Unras yang tadinya berangsur damai, berubah saat petang hari. Aksi massa mulai memblokade jalanan poros Urip Sumiharjo Makassar, membakar ban bekas, dan merusak rambu-rambu lalu lintas.
Massa yang tadinya berkonsentrasi di underpass flyover sejak pukul 13.00 WITA, memekikkan aspirasi menuntut kebijakan pemerintah dan DPR RI sambil berorasi secara bergantian.
Lalu pada pukul 18.00 WITA, Massa Mahasiswa yang berkonsentrasi di bawah jembatan flyover Makassar, mulai berpencar dan kembali ke kampus masing-masing.
Namun tak lama berselang, di depan kampus Universitas Muslim Indonesia (UMI) dan Universitas Bosowa (Unibos) Jalan Urip Sumoharjo yang menghubungkan Kota Makassar-Kabupaten Maros, sekelompok massa kembali menutup jalan dengan membakar ban bekas hingga mengakibatkan kemacetan panjang.
Polisi yang mencoba mendekati area unjuk rasa di depan Unibos langsung mendapatkan serangan lemparan batu dari sejumlah mahasiswa. Sehingga para petugas kepolisian merespon serangan tersebut dengan tembakan gas air mata.
Nampak di lokasi kejadian juga terlihat satu unit mobil angkutan umum yang terbakar dengan api menyala. Namun, belum diketahui penyebab pasti kendaraan tersebut terbakar.
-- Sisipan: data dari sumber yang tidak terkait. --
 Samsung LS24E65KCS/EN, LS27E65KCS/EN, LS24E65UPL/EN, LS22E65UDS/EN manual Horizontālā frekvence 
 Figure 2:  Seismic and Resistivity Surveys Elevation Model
Selain di Makassar, aksi demo serupa juga masih terus berlangsung dan terjadi di beberapa Kota di Indonesia yakni di Kota Semarang, Jakarta, dan Padang.
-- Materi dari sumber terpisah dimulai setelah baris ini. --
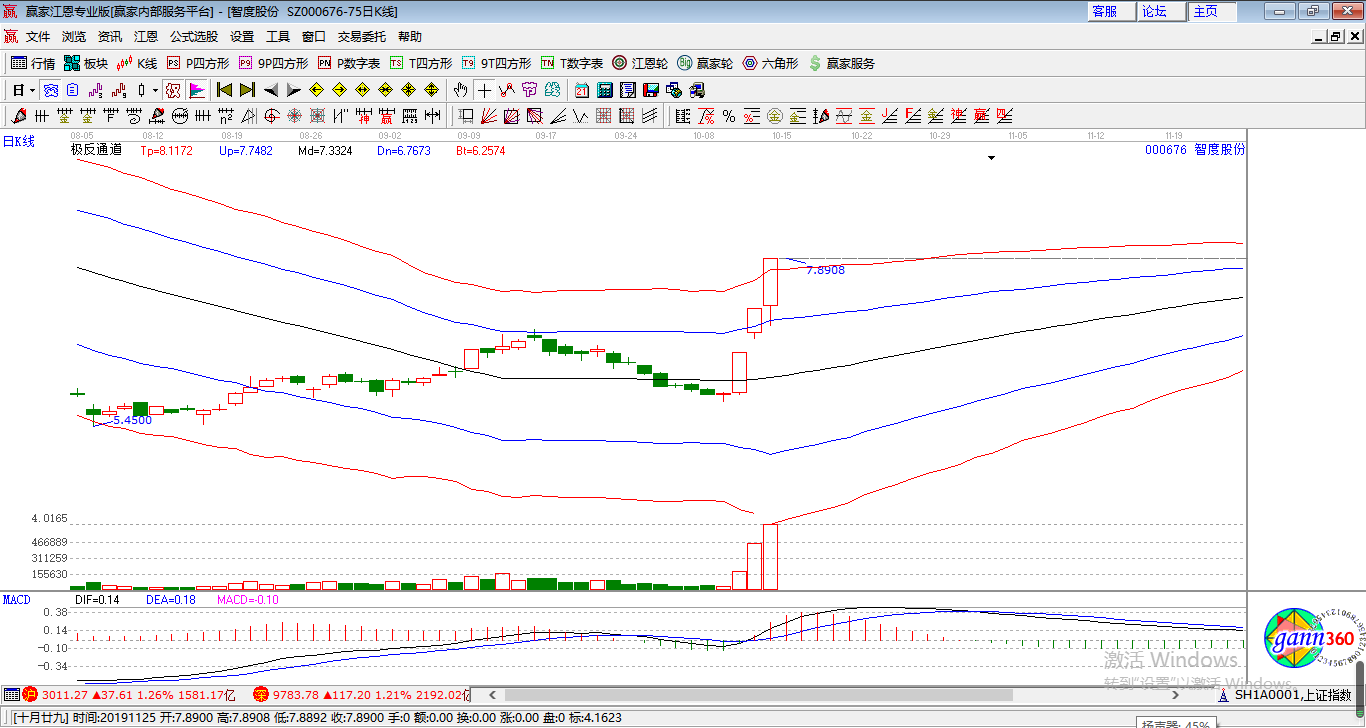 智度股份涨停K线图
Belakangan pada Kamis malam, Dasco menyatakan DPR batal mengesahkan revisi UU Pilkada yang disodorkan Baleg, sehingga aturan itu akan mengikuti Putusan MK.
KPU lalu melakukan rapat konsinyering pada Sabtu (24/8) malam, lalu dalam rapat kerja dengan DPR yang digelar pada Minggu (25/8) disepakati bahwa PKPU akan mengikuti putusan MK soal batas usia calon dan ambang batas suara partai untuk mencalonkan.